I did a quick search about quitting and I came across this article on Zapier that introduced me to the idea of Sunk Cost Fallacy. It’s one of those moments that I thought, ‘It has a name?’ (side note: it’s the same response I had when I first read Alan Hanson’s Have You Encountered the Softboy? It has a name? It has a name! I digress.) In the simplest, most Filipino way I can summarize this fallacy is when we say “Sayang naman!” to justify persisting in a situation that no longer makes us grow. And that somehow, the invested resources, be it time, money, or emotions will justify staying. (In some cases, it does.) Further explaining this fallacy is this article by The Decision Lab, they said: “If we acted rationally, only future costs and benefits would be taken into account, because regardless of what we have already invested, we will not get it back whether or not we follow through on the decision.”
They connected this fallacy with Loss Aversion, also in this article by The Decision Lab, they defined loss aversion as “...cognitive bias that describes why, for individuals, the pain of losing is psychologically twice as powerful as the pleasure of gaining.” (Let that sink in a little bit, let us marinate in this.) And doesn't this just make you pause? I did. Suddenly, reevaluation of life decisions seemed urgent. How many opportunities did I not jump on because I was terrified of losing the cards I held? It wasn’t being comfortable anymore, it was being complacent. The kicker on sunk cost fallacy is the “if we acted rationally” part; which, as emotional human beings, is oftentimes difficult to do.
So ask yourself, have you gone complacent? Are you in a situation that no longer makes you grow? Have you become someone that you need to stop being? Because I reckon, you can quit parts of yourself, too. To be honest, I think this is harder to do even though it seems to be the most rewarding. Perhaps the first step in all of this is to change our perspective, to see the gains more than the losses.
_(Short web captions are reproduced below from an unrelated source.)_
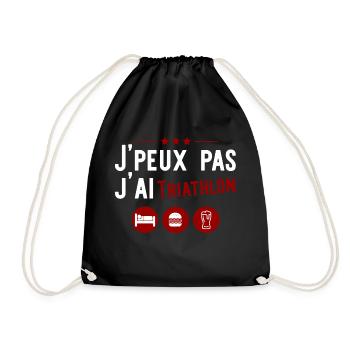 J'ai triathlon t-shirt humour alcool - Sac de sport léger - noir - Devant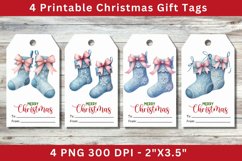 Christmas Gift Tags, blue christmas stockings Product Image 1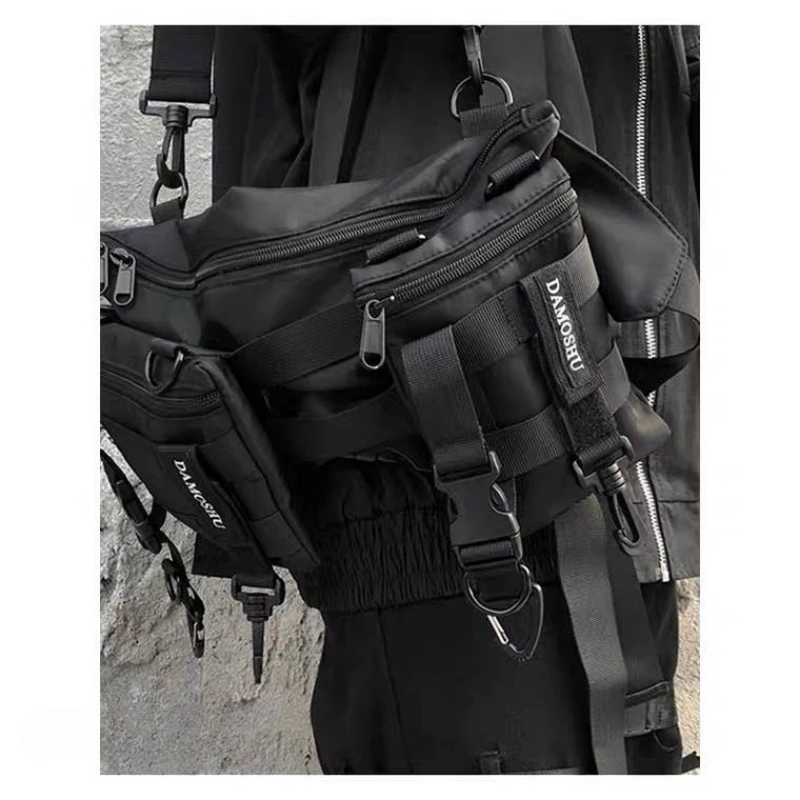التكتيكية Techwear الهيب هوب انفصال مجتمعة الخصر حقيبة الرجال النساء متعددة الوظائف Crossbody حقيبة صدر للرجال الشارع حزمة مراوح عادية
Or to not see quitting as a shameful act. Perhaps that's the point I wanted to make in the first place.
To be honest, I feel as though there is so much left to unravel with this topic. I feel like I’ve barely scratched the surface of it even though so little has left me reflecting upon myself. I can only imagine what more overthinking could bring. Maybe I’ll take a stab at it again in the future when I’m better equipped but I’m going to quit here for now. For, you know, progress.